Mit “The Tracks of the Afterlander” präsentiert der australische Psychfolker Adam Geoffrey Cole recht schnell nach dem im vorigen Herbst erschienenen “Fallowing” sein zweites Soloalbum, bei dem er von seinem langjährigen Weggefährten Anthony Cornish auf Mellotron, Harmonium und Violine begleitet wird (mit einem kleinen Gastspiel keines Geringeren als Grey Malkin, doch dazu später). Das besondere an dem Album ist seine Zweiteilung, denn neben sechs neuen Songs enthält es fünf Lieblingsstücke der beiden aus verschiedenen Aufnahmen des früheren Projektes Trappist Afterland, die der neuen, von der Instrumentierung her reduzierteren Machart angepasst sind.

Die deutlich spürbare klangliche Reduktion ist allerdings bei weitem nicht die einzige Qualität, mit der Cole den bekannten Trappist Afterland-Songs neue Interpretationen zur Seite stellt, und oft ist es lediglich eine Frage des Geschmacks, welche Version man bevorzugt. Einige der Stücke wie z.B. die hier “Joseph’s Lament” betitelte Lebensgeschichte des sogenannten Elefantenmenschen Joseph Merrick, die neue Version eines von mehreren Alben her bekannten Jesaja-Motivs in “A Man of Sorrow” oder das zu “Clay Sparrows” mutierte “Twelve Sparrows (in the Infancy of God)” von “Seaside Ghost Tales” wirken weit weniger verweht-fragil.
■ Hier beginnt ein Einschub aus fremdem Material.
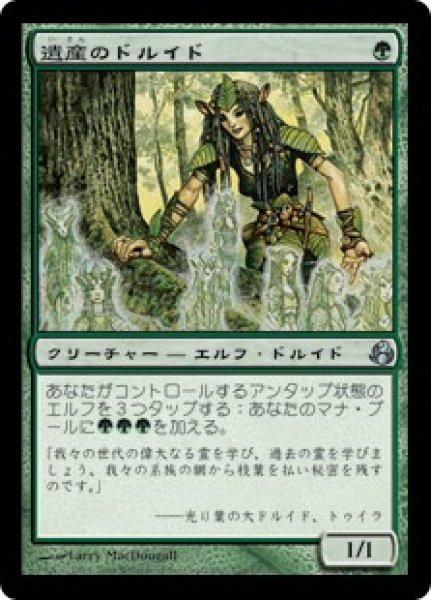 画像1: ※特価※【MOR】《遺産のドルイド/Heritage Druid》【U】 (1)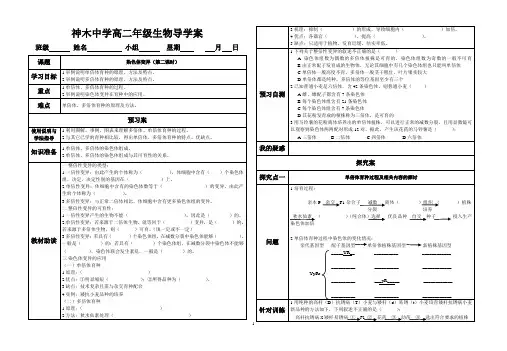 染色体变异第二导学案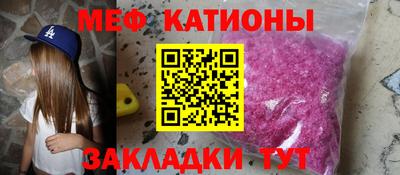 кокаин премиум Комсомольск-на-Амуре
Dass Cole den märchenhaften Song über die Kraft, die Jesus dem apokryphen Kindheitsevangelium des Thomas zufolge schon als Kind hatte, in die Gegenwart überführt, ist erfreulich, wenn man bedenkt, dass der Musiker sich im Rahmen seiner spirituellen Suche weiterentwickelt und wahrscheinlich immer wieder Stationen hinter sich lässt.

Ähnliches gilt für “From Which Burning Bush” (basierend auf “Burning Bushes” vom “SeVIIen”-Album) mit seinem noch elektrisierenderen Gitarrenspiel in berührenden Molltönen. “Godbotherings (Part 5)” dagegen ist recht nah an der vorigen Version. Eine Art Schanierstelle zu den neuen Tracks bildet das zusammen mit Grey Malkin bereits auf Single veröffentlichte “Houses on a Hill”, das mit reduzierter Elektronik eine ebenso starke Tiefe erreicht, zu der Malkin Piano und liebliches Glockenspiel beisteuert.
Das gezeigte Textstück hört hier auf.